→ Try it: Among the entries below, only the lines from the one with "Epson ELPLM09 Medium Throw Zoom Lens" through the one with "Cover Image of While mortals sleep" are wanted, reproduced exactly. Pictures are not wanted.

→ Records to use:
:::
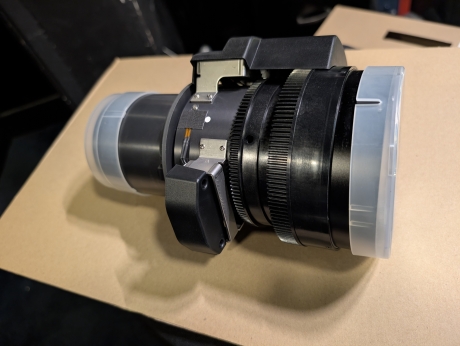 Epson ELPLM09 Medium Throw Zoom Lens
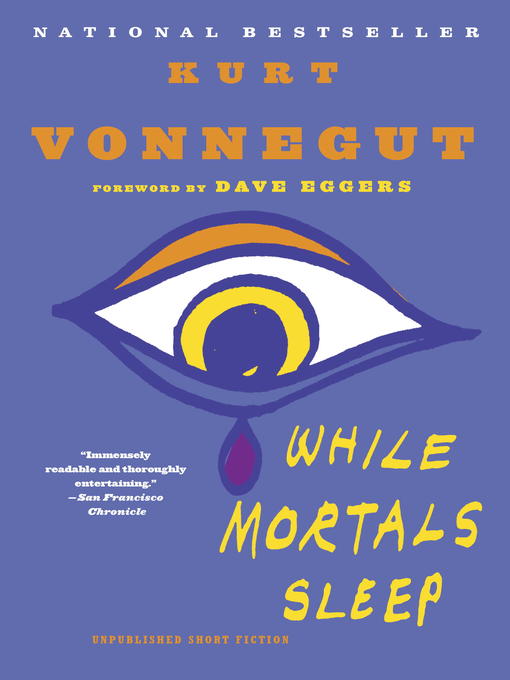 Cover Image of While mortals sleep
:::
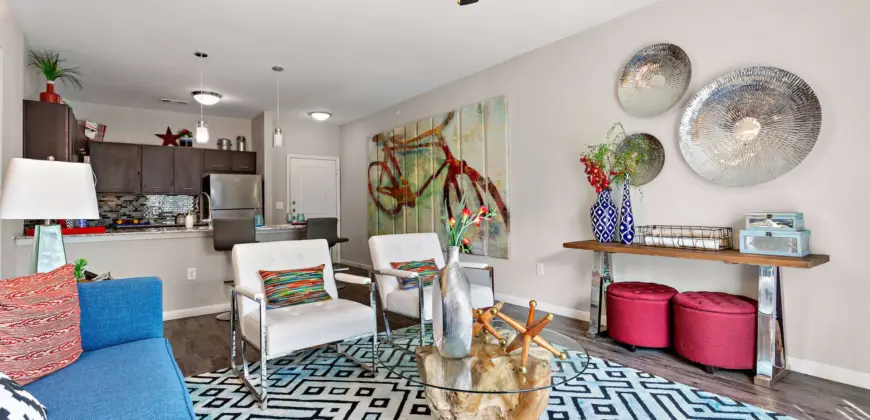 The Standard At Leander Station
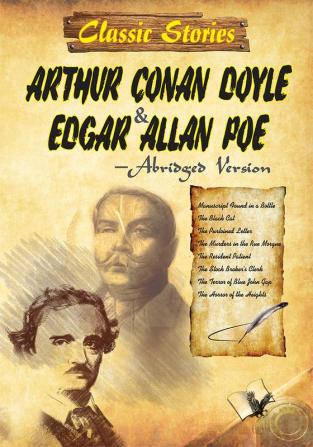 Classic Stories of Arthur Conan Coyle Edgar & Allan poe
:::
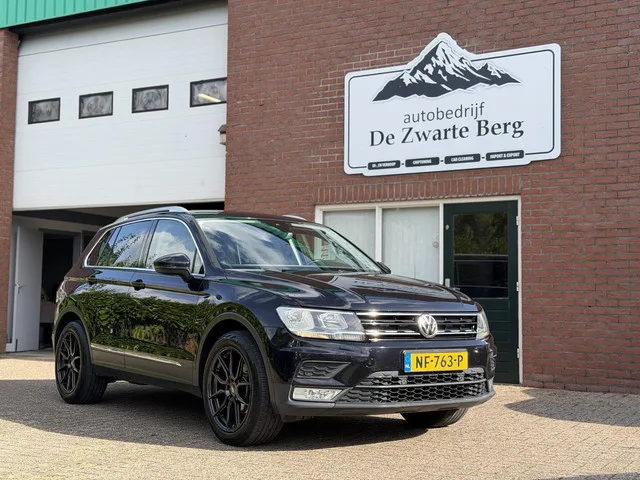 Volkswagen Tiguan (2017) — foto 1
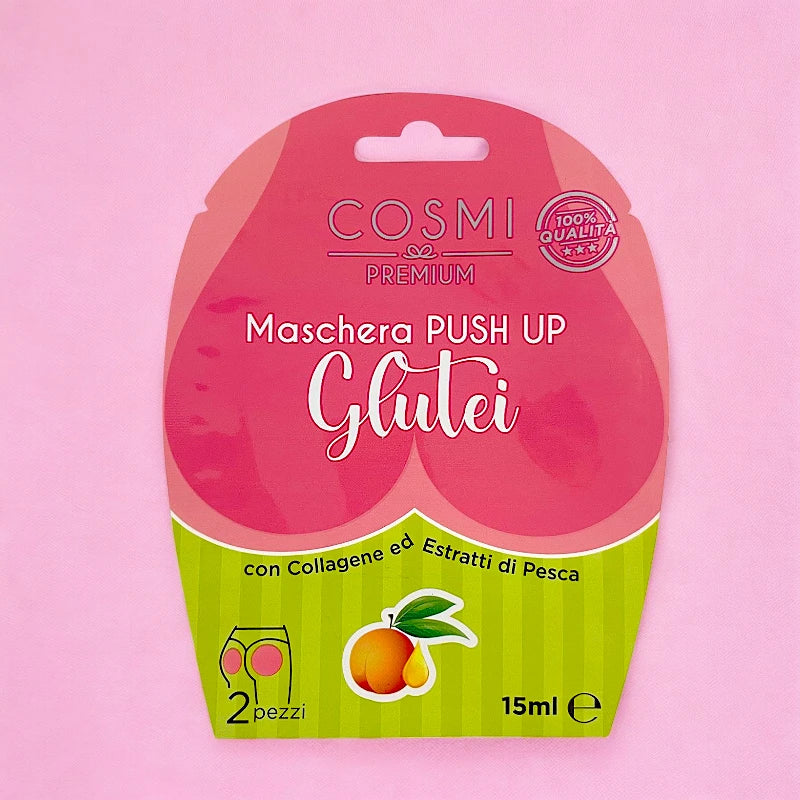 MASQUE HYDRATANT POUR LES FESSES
:::
→ Result of this exercise:
 Epson ELPLM09 Medium Throw Zoom Lens
 Cover Image of While mortals sleep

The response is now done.